The research team systematically explored the following key questions:
- How efficiently do adversarial examples transfer between different VLM architectures? For example, do perturbations generated against a specific visual encoder remain effective when paired with different language models?
- Which architectural features determine the strength of transferability? What roles do shared visual encoders, differences in language models, and multimodal fusion methods each play?
- Does adversarial attack transferability hold under physical-world constraints? Compared to digital-domain attacks, the performance of physical adversarial patches in cross-model scenarios is particularly critical.
Research Significance: Filling a Critical Gap in VLM Security Assessment
Previously, research on adversarial attack transferability has primarily focused on traditional computer vision classification models, while cross-architecture transferability analysis for multimodal VLMs — especially those designed for autonomous driving — has remained largely unexplored. The core contributions of this study include:
First, establishing a systematic cross-architecture evaluation framework. The research goes beyond testing the robustness of individual models to examine the attack transfer matrix across different architectural combinations, providing the industry with a standardized security assessment methodology.
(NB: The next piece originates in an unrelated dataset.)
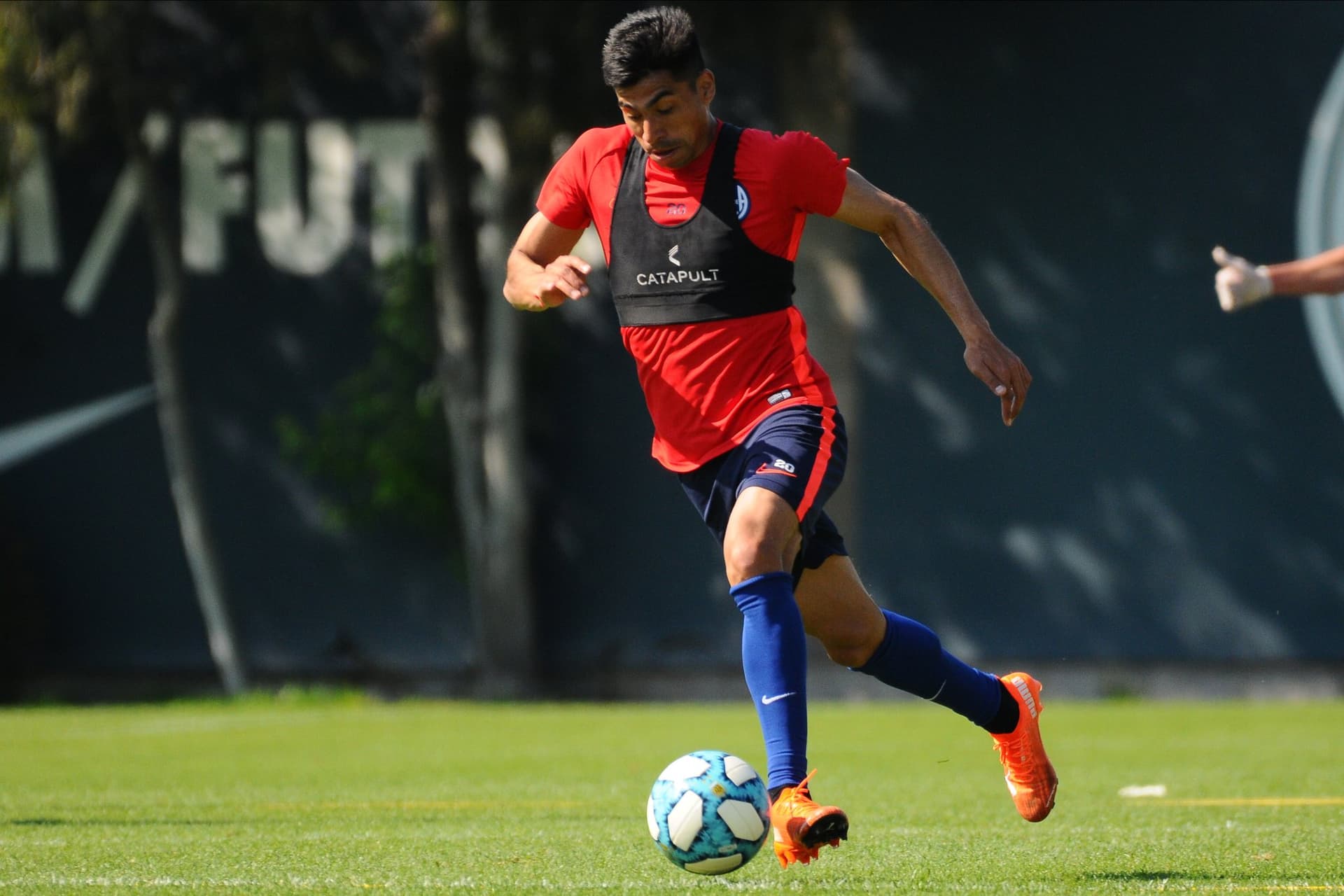 El mediocampista llega procedente de San Lorenzo a cambio de casi 3,5 millones de dólares. Mirá por qué se fue con polémica de Boedo.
Second, revealing security blind spots in real-world deployments. Many autonomous driving companies currently only evaluate attacks against their own models during security testing, while overlooking the possibility of black-box transfer attacks. This study demonstrates that such evaluation approaches may significantly underestimate actual risks.
Third, providing a theoretical foundation for defense strategy design. Understanding the mechanisms of adversarial transferability helps develop more generalizable defense mechanisms, rather than relying on patch-style fixes targeting specific attack patterns.
Industry Impact and Security Implications
This research has direct implications for security practices in the autonomous driving industry. Currently, an increasing number of manufacturers — including Tesla, Waymo, and several Chinese autonomous driving companies — are incorporating VLMs into their perception and planning pipelines. If adversarial attacks can efficiently transfer across different architectures, an attacker would only need to generate adversarial examples against one publicly available model to potentially threaten multiple autonomous driving systems on the market simultaneously.
From a defensive perspective, the study suggests several important directions:
- Multi-model ensemble defense: Deploying multiple heterogeneous VLMs with cross-validation can reduce the success rate of single-point attacks to some extent.
- Architectural diversity in adversarial training: Incorporating transfer attack samples from different architectures into adversarial training may significantly improve a model's generalized robustness.
- Perception redundancy and safety fallback mechanisms: VLMs should not serve as the sole basis for decision-making; redundant design with traditional perception modules remains a critical line of defense for ensuring safety.
Outlook: VLM Security Research Must Accelerate
As vision-language models evolve from an auxiliary understanding tool to a core decision-making component in autonomous driving, the urgency of security research is escalating rapidly. This cross-architecture adversarial transferability analysis provides an important benchmark for the field, but numerous questions remain to be explored in depth — including more complex physical attack scenarios, real-time adversarial challenges in dynamic driving environments, and joint robustness of multi-sensor fusion systems.
It is foreseeable that VLM adversarial security will become a critical hurdle that autonomous driving must overcome on the path from technical validation to large-scale commercialization. Collaborative efforts between academia and industry will be key to driving substantive progress in this field.